Leave every picture out, and write out the remaining entries exactly.

### Source records
::::::::::

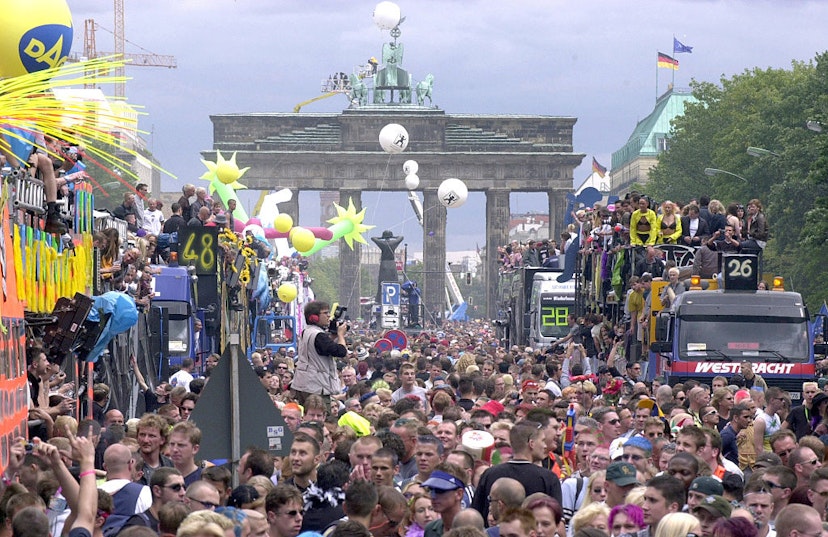 (Original Caption) The Love Parade at the Brandenburg Gate, Berlin. (Photo by Ronald Siemoneit/Sygma/Sygma via Getty Images)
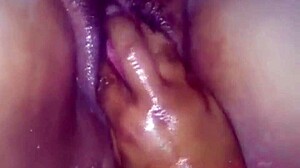 Socando a mão no rabo da puta com orgasmos intensos.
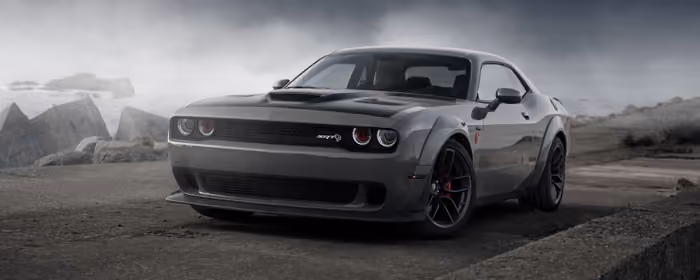 UltraWide 32:9 обои Dodge Challenger SRT (3840x1080): Dodge Challenger, маслкар, побережье, дорога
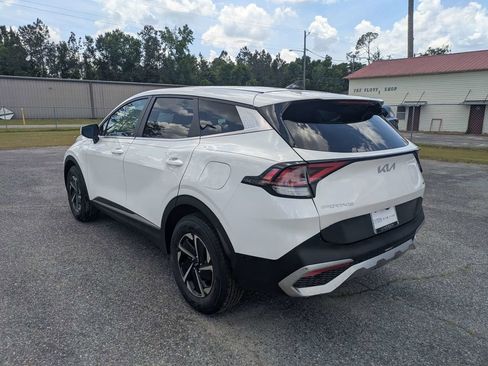 Used 2023 Kia Sportage LX AWD/4WD image 6
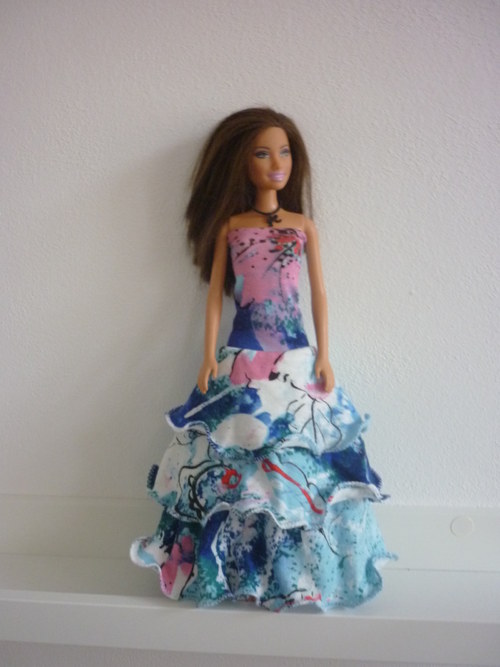 Šaty na panenku Barbie — foto 2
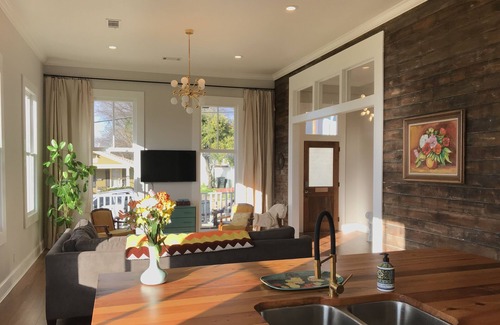 Vicksburg House | The Massey’s on Grove Unit 1 - River Views Downtown Historic Vicksburg, MS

::::::::::

### Answer to this task
 (Original Caption) The Love Parade at the Brandenburg Gate, Berlin. (Photo by Ronald Siemoneit/Sygma/Sygma via Getty Images)
 Socando a mão no rabo da puta com orgasmos intensos.
 UltraWide 32:9 обои Dodge Challenger SRT (3840x1080): Dodge Challenger, маслкар, побережье, дорога
 Used 2023 Kia Sportage LX AWD/4WD image 6
 Šaty na panenku Barbie — foto 2
 Vicksburg House | The Massey’s on Grove Unit 1 - River Views Downtown Historic Vicksburg, MS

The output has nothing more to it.